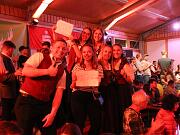 Sommerfest MV Göslingen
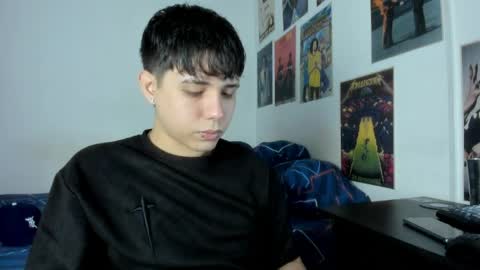 nathan online show from 03-30-26, 11:50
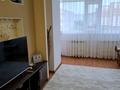 2-бөлмелі пәтер · 63.9 м² · 5/10 қабат, мкр 12 37А — Дина, бағасы: 25 млн ₸ в Актобе — фото 6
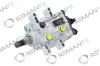 Hochdruckpumpe REMANTE 002-002-000003R Bild Hochdruckpumpe REMANTE 002-002-000003R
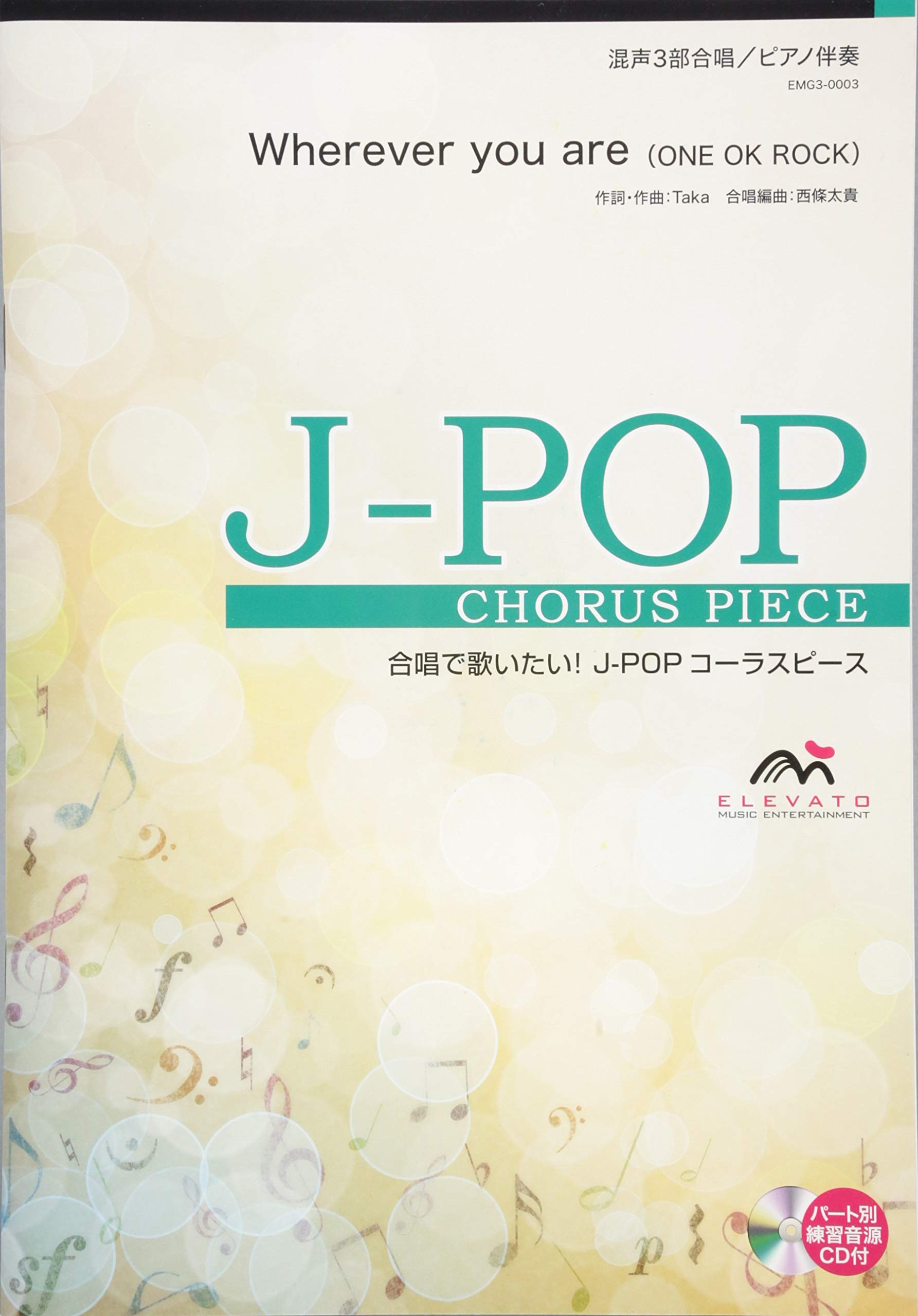 HARMONY AND VOICE LEADING 音楽的調和と声部連結 HARMONY AND VOICE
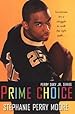 Image for Prime Choice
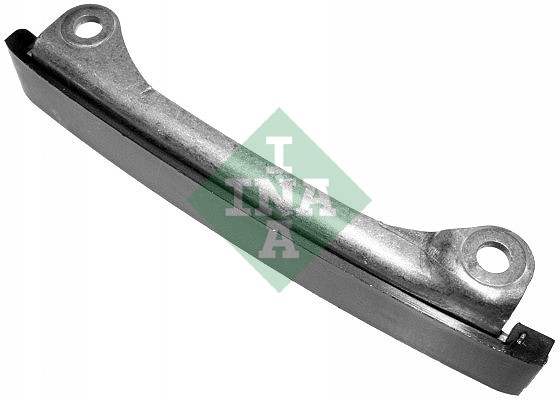 Планка успокоителя цепи грм внутренняя NISSAN PATHFINDER (R51) 2.5dCi 05- <b>INA 552002010</b> - изображение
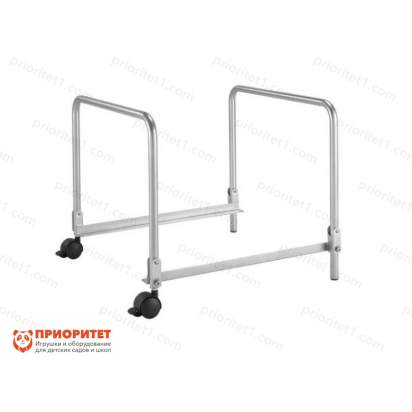 Игровая система Fun2 Play Основание (48,5 см)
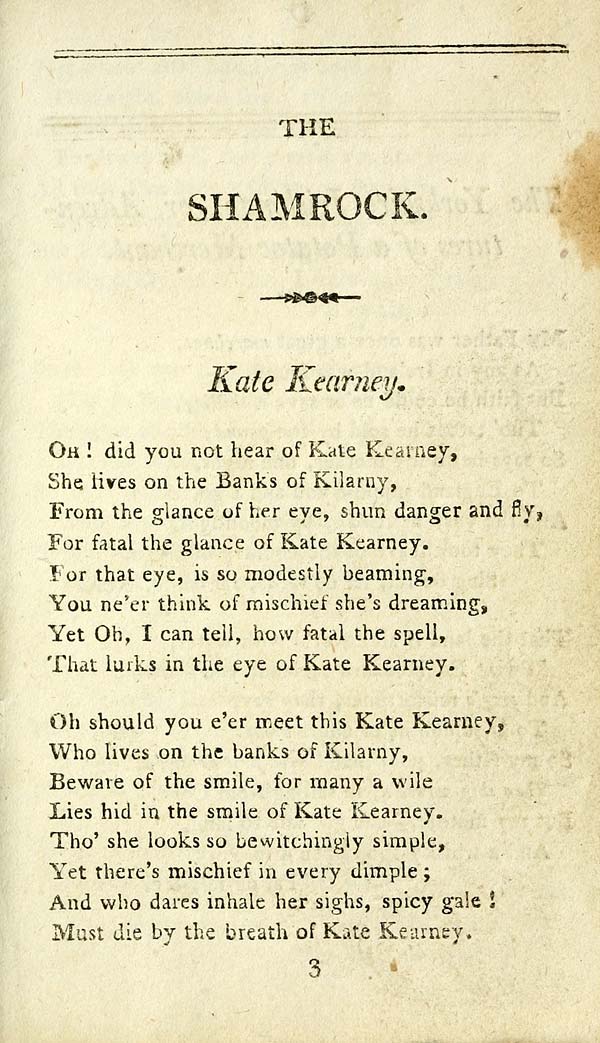 (5) Page 3 - Katy Kearney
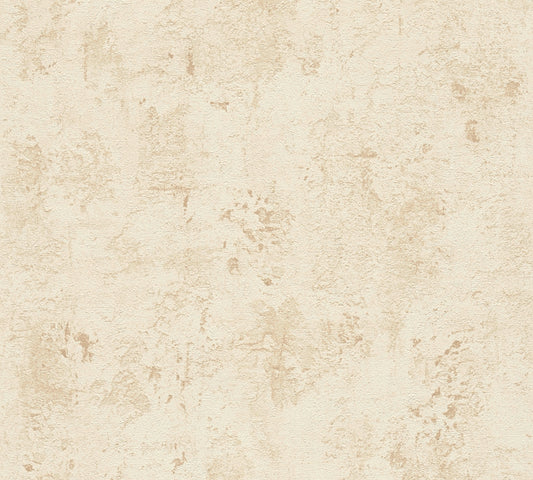 Texture Art 38823-7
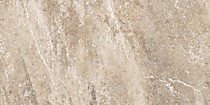 Титан Бежевый 600х300х10мм /0.18 (1,44/8) Керамогранит. LB-Ceramics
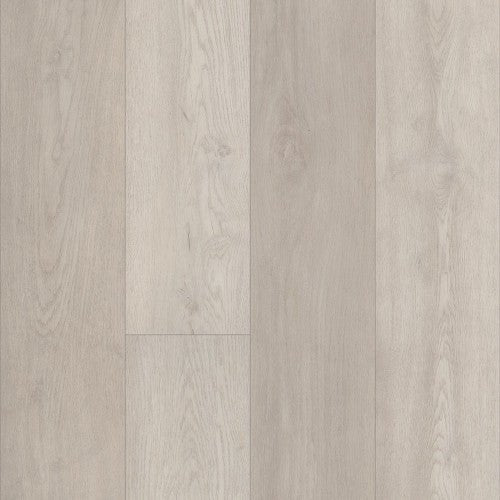 COREtec Originals Premium VV458 - VV458 - 02706 - Luxury Vinyl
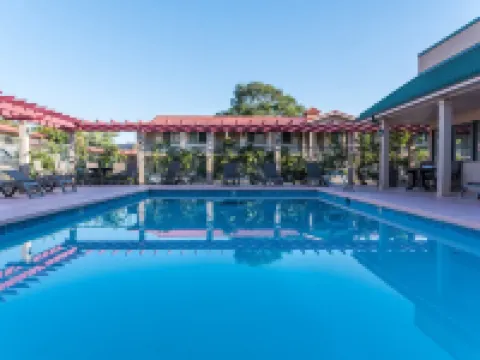 Hotel Moab Downtown Hotels in Moab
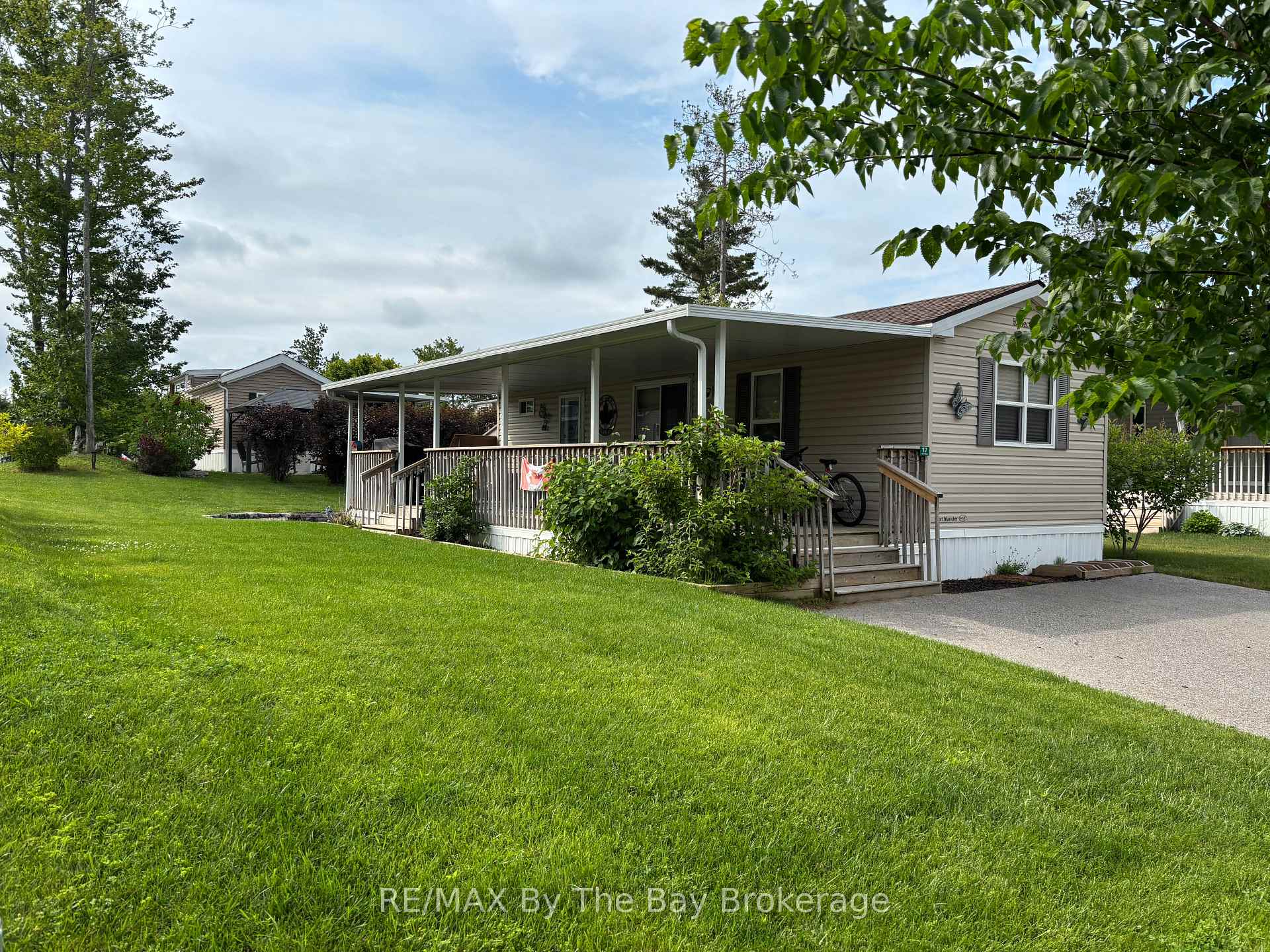 Photo of 17 Chippewa Trail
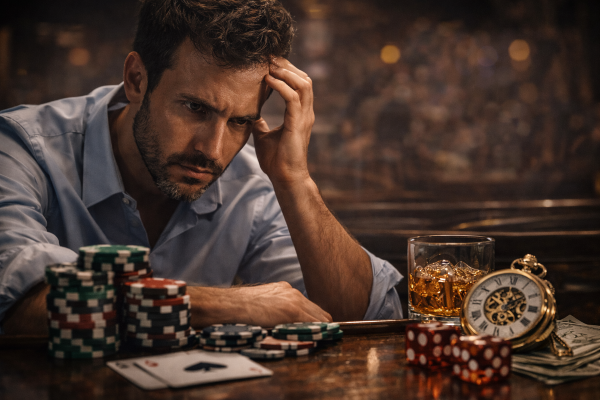 教你免踩新手陷阱 百家樂10大不該犯的錯 3 ChatGPT Image 2026年2月23日 下午04 46 29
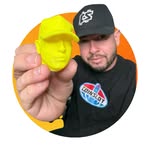 coinslot profile picture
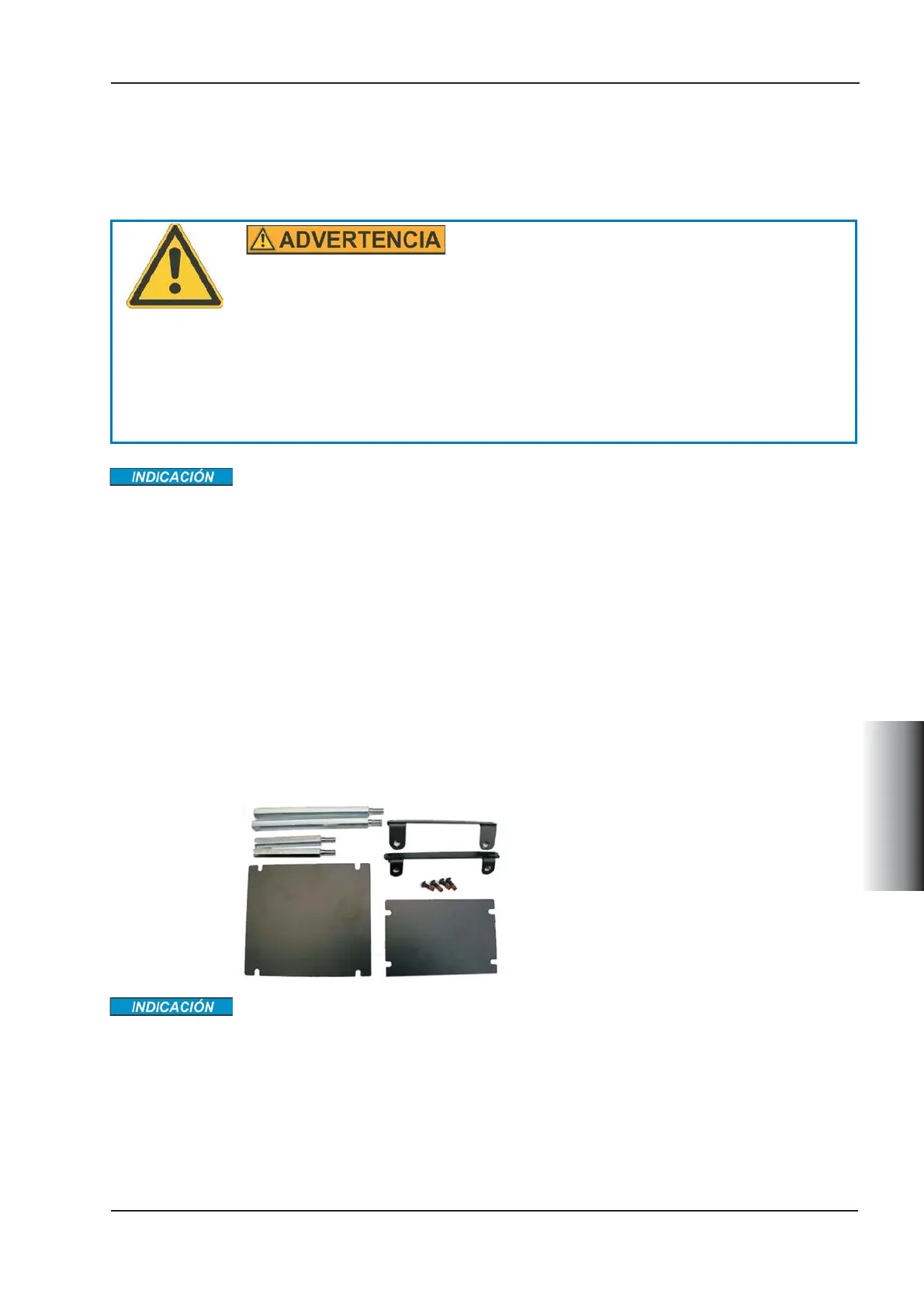 Page #93 background image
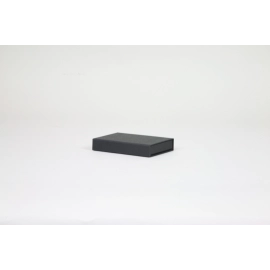 HINGBOX | 12x7x2 CM | BOITE PLATE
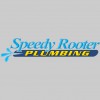 Speedy Rooter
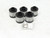 NORDSON 1132082 FILTER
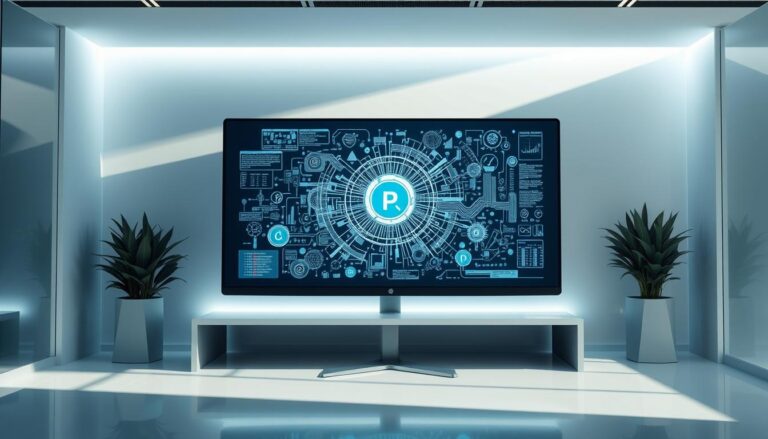 What is Prompt Engineering in Generative AI?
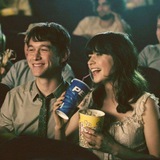 500 Days of Summer 2009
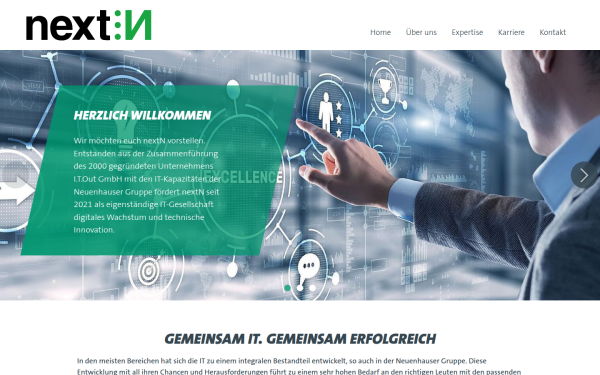www.nextn.de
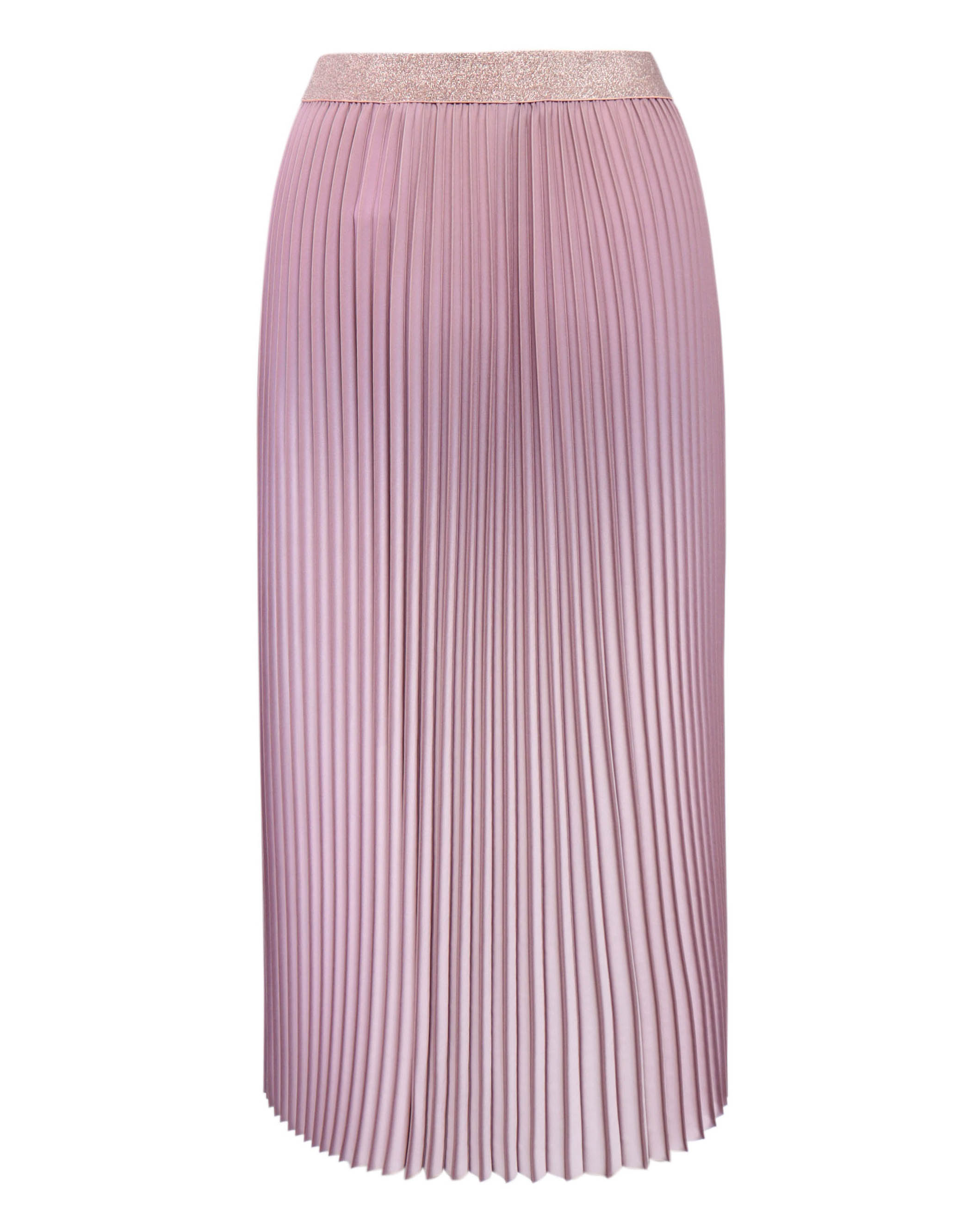 Pleated skirt | Skirts and Shorts | Dika.bg - 2 Pleated skirt | Skirts and Shorts - 2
# # # # #
• **YOUR TASK**:
Quote, without alteration, the lines running from the line containing "Speedy Rooter" to the last line of the entries, and include no pictures.

• **TASK SOLUTION**:
 Speedy Rooter
 NORDSON 1132082 FILTER
 What is Prompt Engineering in Generative AI?
 500 Days of Summer 2009
www.nextn.de
 Pleated skirt | Skirts and Shorts | Dika.bg - 2 Pleated skirt | Skirts and Shorts - 2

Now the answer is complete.